Талип РАМАЗАНОВ
Красноармеец 226 гаубично-артилерийского полка 23 Харьковской стрелковой дивизии ордена Ленина Т.Р. Рамазанов
Продолжение. Начало в № 46 (1022) от 16 ноября 2016 г.
В эти годы был призыв ЦК комсомола «Комсомольцы — на самолеты». Поэтому осенью 1937 г., когда началась учеба в 10 классе, комсомольская организация школы рекомендовала меня Ленинскому райкому комсомола для направления на учебу в аэроклуб. И уже по путевке райкома комсомола я был принят в пилотскую группу аэроклуба на учебу без отрыва от занятий (называлась учеба «без отрыва от производства»). Многие учащиеся аэроклуба работали, и таких, как я, было мало.
Учиться одновременно в 10 классе и в аэроклубе (вечером по 4-5 часов) было, конечно, нелегко, но аэроклубовская учеба крепко завлекала, учился с большим желанием и прилежностью.

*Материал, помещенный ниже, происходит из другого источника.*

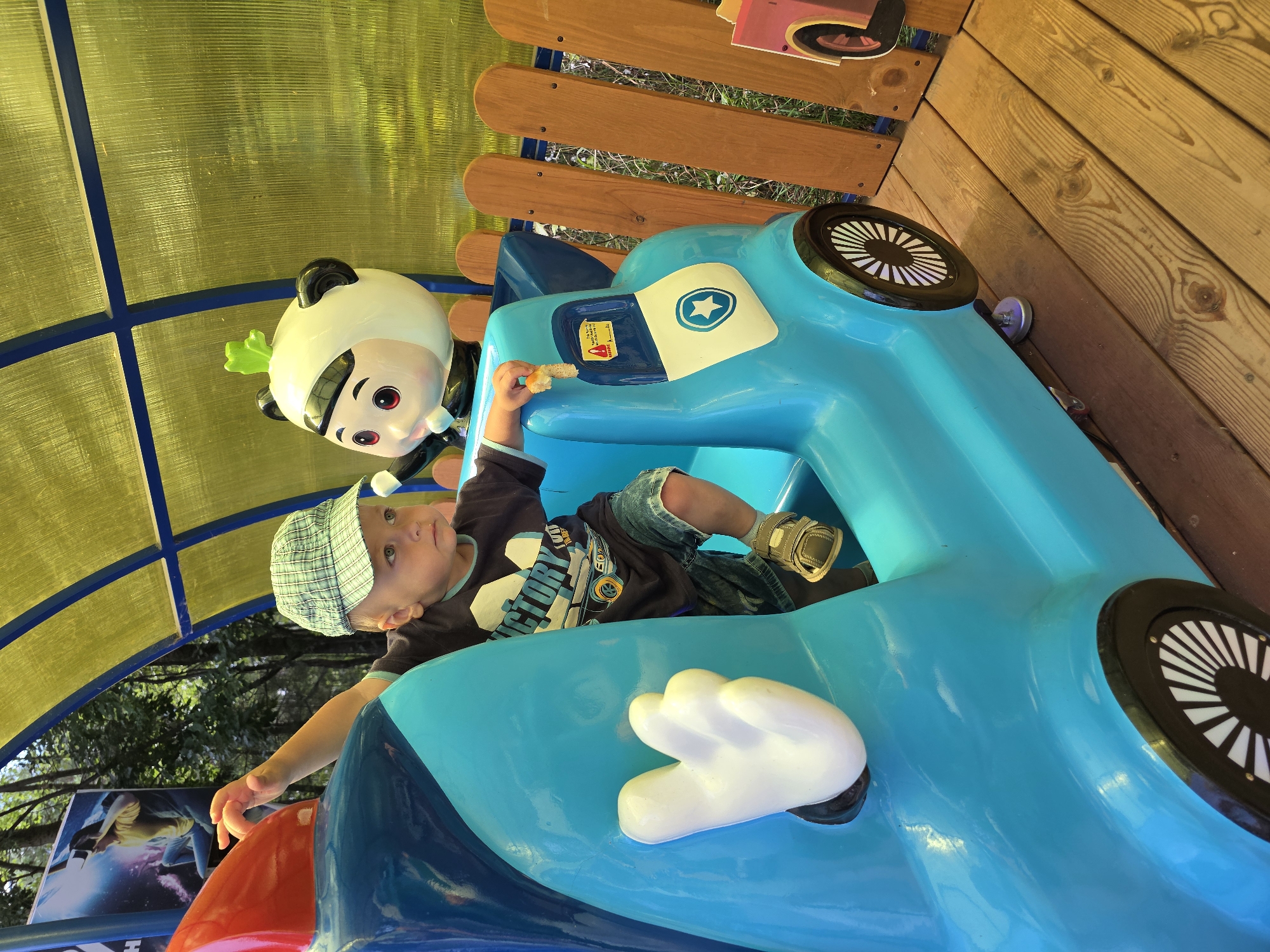 A young Caucasian boy wearing a plaid baseball cap, a dark t-shirt with a graphic of a car and the word "VICTORY," and denim shorts sits in a bright blue toy car. He is holding a small piece of bread in his right hand, near his mouth. To his right, a cartoonish panda figurine is visible. The toy car appears to be part of an amusement park ride, set up on a wooden platform. In the background, a yellow translucent canopy is supported by blue beams, and a wooden fence separates the ride area from vegetation and trees. A poster featuring a person wearing a VR headset is visible in the upper left corner. The overall scene suggests an outdoor recreational setting, likely an amusement park or playground. There is no information in the image to suggest the location is the city of Chaikovsky, Russia.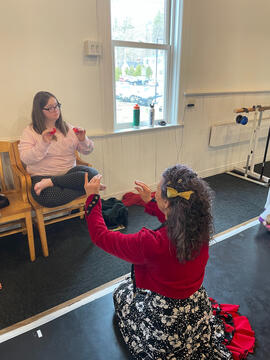 Miss Coco seated on floor teaching a seated female high school student with Downs Syndrome how to play castanets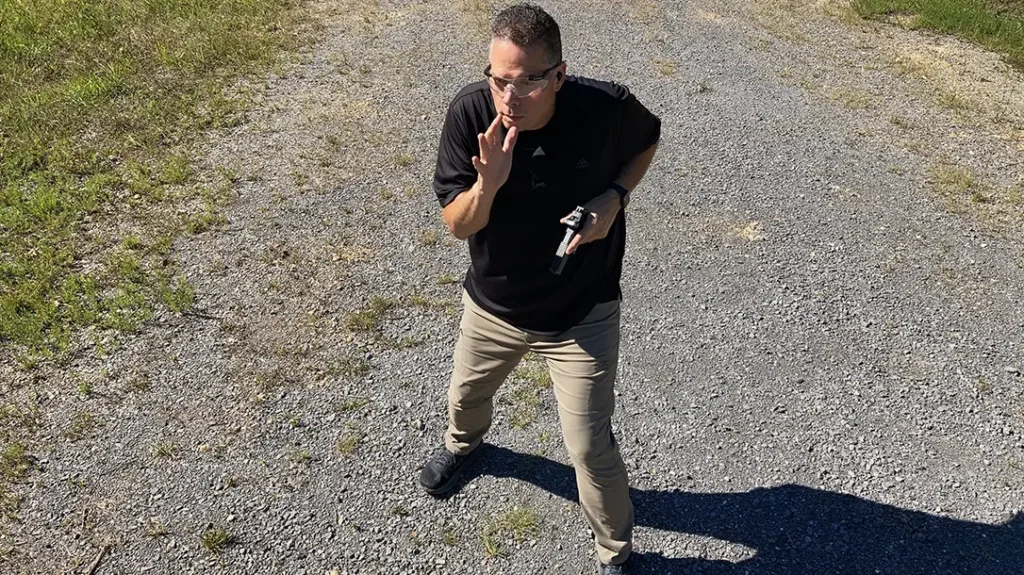 The combat fighting stance demands that your feet be spread wide apart, like the base of a pyramid.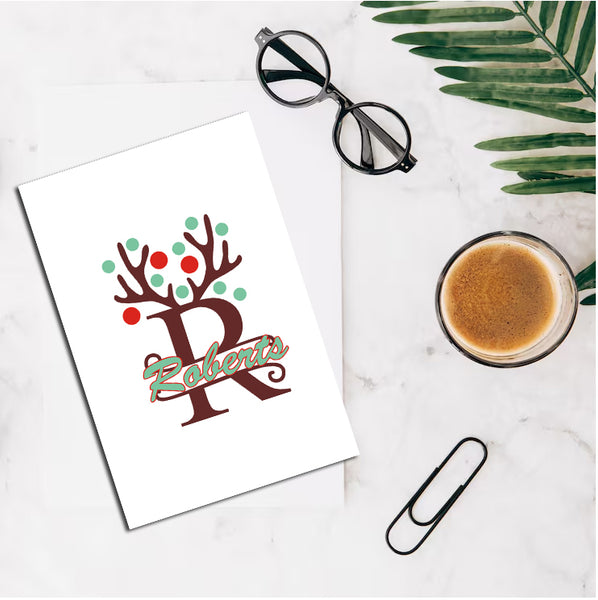 Letter 'R' with decorative elements on a card, next to a cup of coffee and glasses on a marble surface.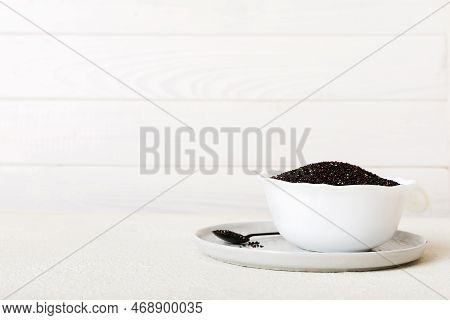 Quinoa Seeds In Bowl On Colored Background. Healthy Kinwa In Small Bowl. Healthy Superfood.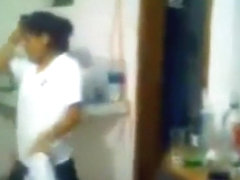 Naughty asian girl lets a friend suck her tit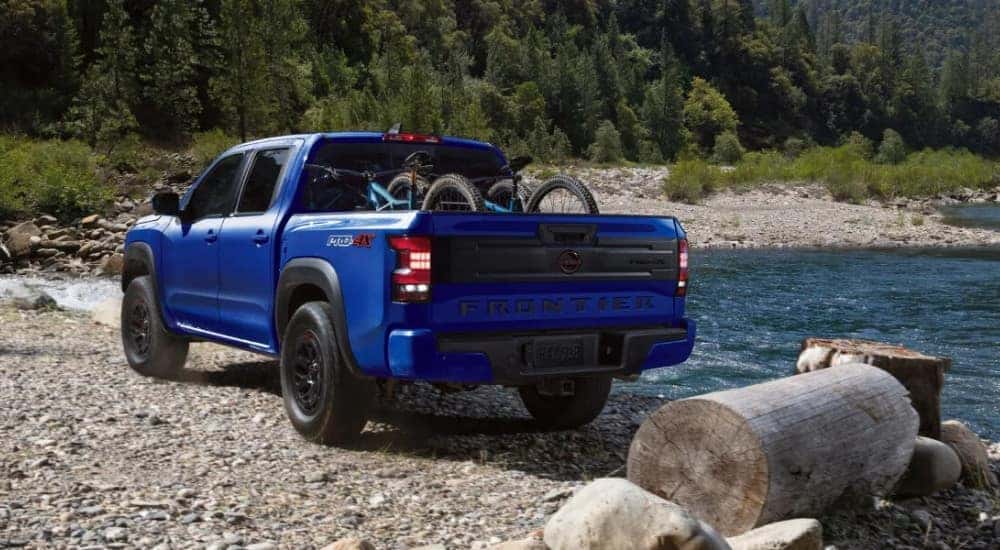 A blue 2025 Nissan Frontier parked off-road near a lake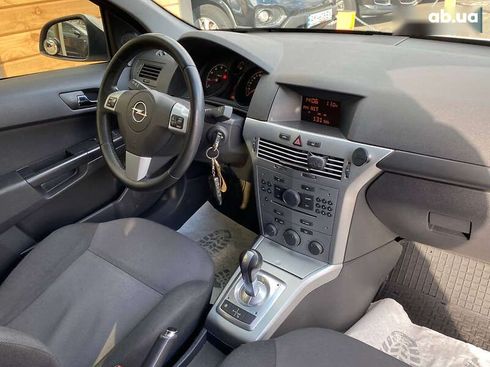 Opel Astra 2012 - фото 14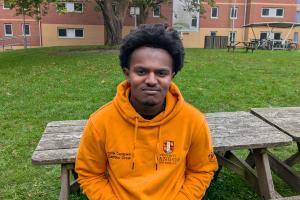 An image of Josh from campus life wearing an orange campus life hoodie. He is sitting on a bench outside 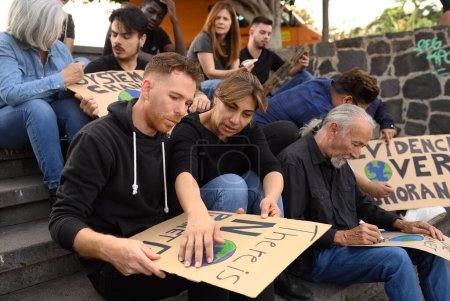 Téléchargez les photos : Groupe de manifestants concentrés et diversifiés créant des pancartes en carton assis sur les escaliers pendant la préparation de la grève - en image libre de droit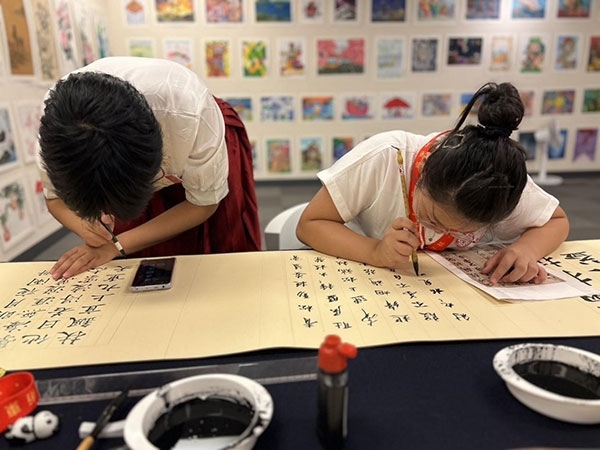 參加本次展覽的青少年在現(xiàn)場進(jìn)行書法創(chuàng)作。主辦方供圖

В аэроклубе изучали предметы:
1. Материальная часть самолета У-2 (учебная — 2);
2. Материальная часть и принцип работы мотора М-11, установленного на самолеты У-2;
3. Теорию полета.
4. Аэронавигацию.
5. Метеорологию.
6. Уставы: строевой, ВВС и др.;
7. Парашютное дело: материальная часть парашюта, его укладка и т.д.;
8. Строевая подготовка и некоторые другие дисциплины.
Закончив теоретическую подготовку, предусмотренную по программе, и успешно сдав экзамены в мае 1938 г., я был допущен к практическим занятиям (к полетам). Ездили на аэродром за городом через пристань № 1. Начались аэродромные службы и первые вывозные полеты в мае 1938 г.
Теперь было еще труднее, так как нужно было готовиться к выпускным экзаменам и приложить все усилия, чтобы как можно лучше освоить первые полеты и скорее вылететь самостоятельно.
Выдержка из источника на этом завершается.